As nutritional knowledge has increased, fad diets have not become tamer. The 1980s, in particular, were a breeding ground for eccentric diets. Among the most amusing diets of the 80s were the cabbage soup diet, which recommended its followers eat a diet consisting of primarily cabbage soup, the Beverley Hills diet, which suggested eating nothing but fruit for the first ten days of the diet, and the diet pill diet, which involved swallowing a magic pill that would make extra weight disappear.

Alongside these niche diets, a larger societal trend toward low-fat foods emerged in the 1980s. This fad was based on studies connecting high-fat diets to high levels of LDL cholesterol. However, it turned out that many of these studies were inaccurate. As professor of chemistry June Russell explained, we had been told for years that fat was really bad for us and now it turns out that a lot of studies that came out were paid for by the sugar industry. In response to these phony studies, companies removed fat from their products and added sugar to make up for lost flavor, just as the sugar industry wanted.

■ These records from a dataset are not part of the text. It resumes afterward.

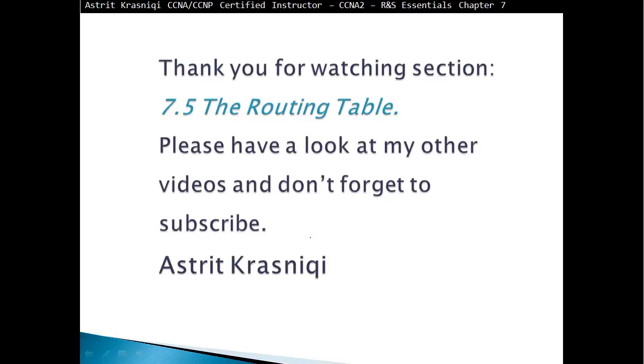Thank you very much for watching this section 7.5, the routing table. Please have a look at my other videos, and don't forget to subscribe. This has been Astrid Krasnichi, and goodbye.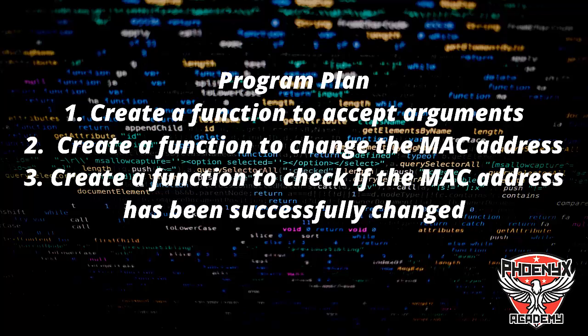We know that Python programming can use either an object-oriented approach or a procedural approach. We can use functions to implement our Python program or create it using object-oriented programming. For this program,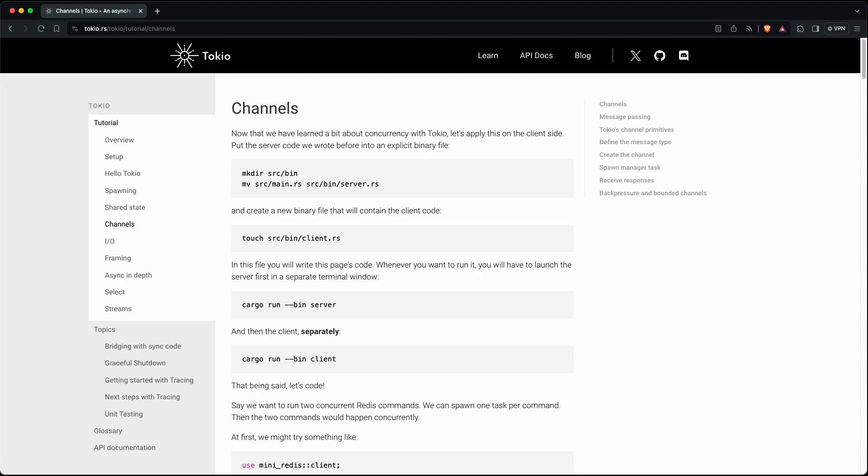There have also been a number of internal improvements. For example, they now use Tokyo Channels for an event system. That means that different parts of the Helix codebase can communicate with one another. This comes in handy for background tasks which should never block the UI.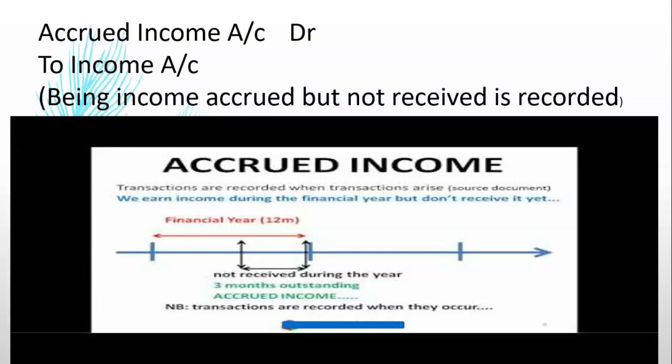The entry will be Accrued Income Account debit to Income Account. For example, if I have to get an interest from the bank, then the entry will be Accrued Interest Account debit to Interest Account.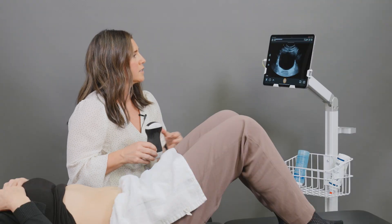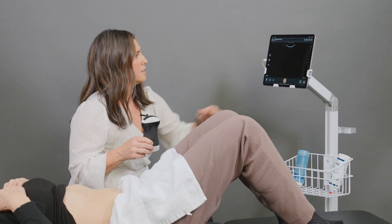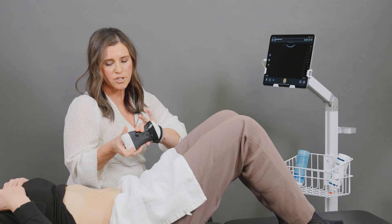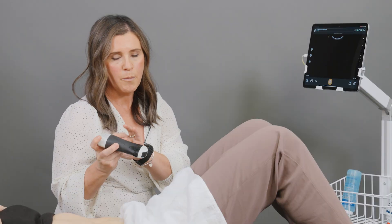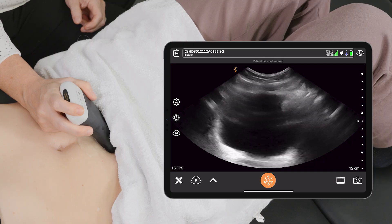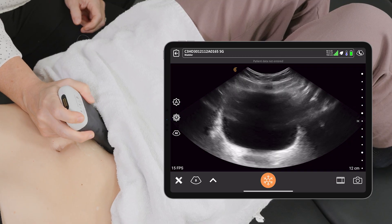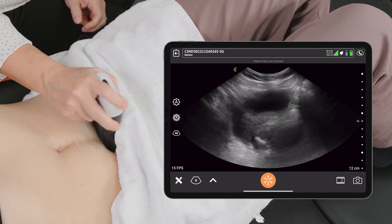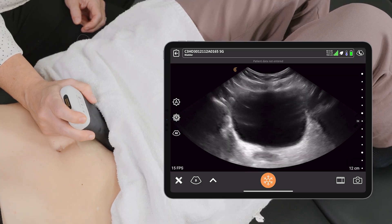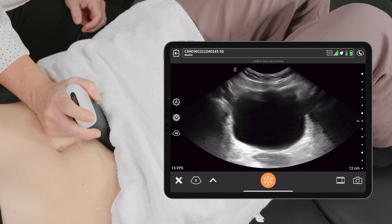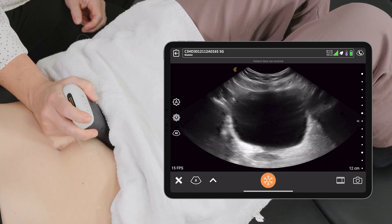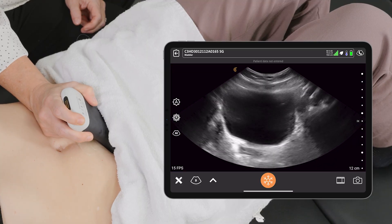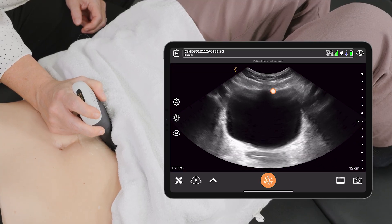We're going to come into view here. We're going to make sure that the marker of the probe is towards the patient's left, which matches the screen, and then we're trying to angle the probe down in that suprapubic region to find the best view of the bladder.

This low-fat craze lasted well into the 1990s, but today, nutritionists know that a moderate amount of fat is an important part of a healthy diet. This new knowledge has led to a slew of new fad diets that wholly embrace fat, like the ketogenic diet. Russell warns that these new high-fat diets could be just as dangerous as the low-fat diets of the 1980s, saying we dont really know the risks because nobody has ever lived for an extended period of time on those diets.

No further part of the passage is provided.